Personal information
- Full name: Darko Fejsa
- Date of birth: 27 August 1987 (age 37)
- Place of birth: Vrbas, SFR Yugoslavia
- Height: 1.84 m (6 ft 1⁄2 in)
- Position(s): Left-back

Youth career
- Vrbas

Senior career*
- Years: Team / Apps / (Gls)
- 2003–2004: Vrbas / 13 / (0)
- 2004–2006: POFK Hajduk Kula
- 2006–2012: Hajduk Kula / 116 / (1)
- 2012–2014: Radnički Kragujevac / 27 / (1)

= Darko Fejsa =

Serbian professional footballer

Darko Fejsa (Serbian Cyrillic: Дарко Фејса; born 27 August 1987) is a Serbian retired footballer who played as a left-back.
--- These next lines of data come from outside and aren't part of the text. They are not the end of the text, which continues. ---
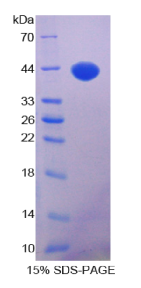 胰岛素样生长因子1(IGF1)重组蛋白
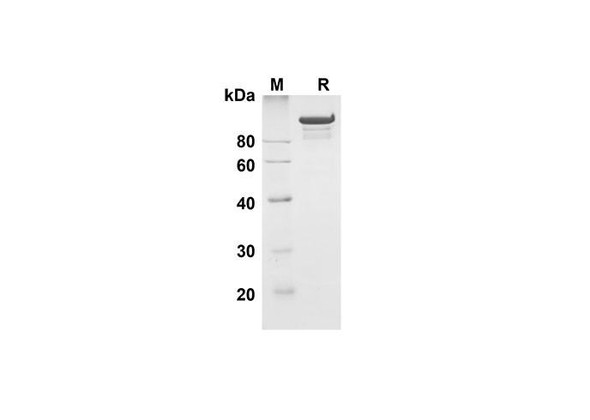 Recombinant Human MMP-9 Protein (Fc Tag) (RPES8338)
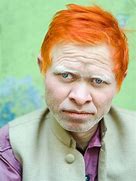 Image result for Albino Indian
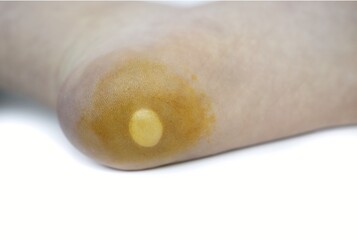 Close-Up of a Callus or Corn on a Human Heel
He is the older brother of Serbia international Ljubomir Fejsa.

==Career==
Fejsa started out at his hometown club Vrbas, making his senior debut at the age of 16. He later moved to top-flight side Hajduk Kula and made over 100 league appearances. On the last day of the 2012 summer transfer window, Fejsa signed with fellow Serbian SuperLiga club Radnički Kragujevac.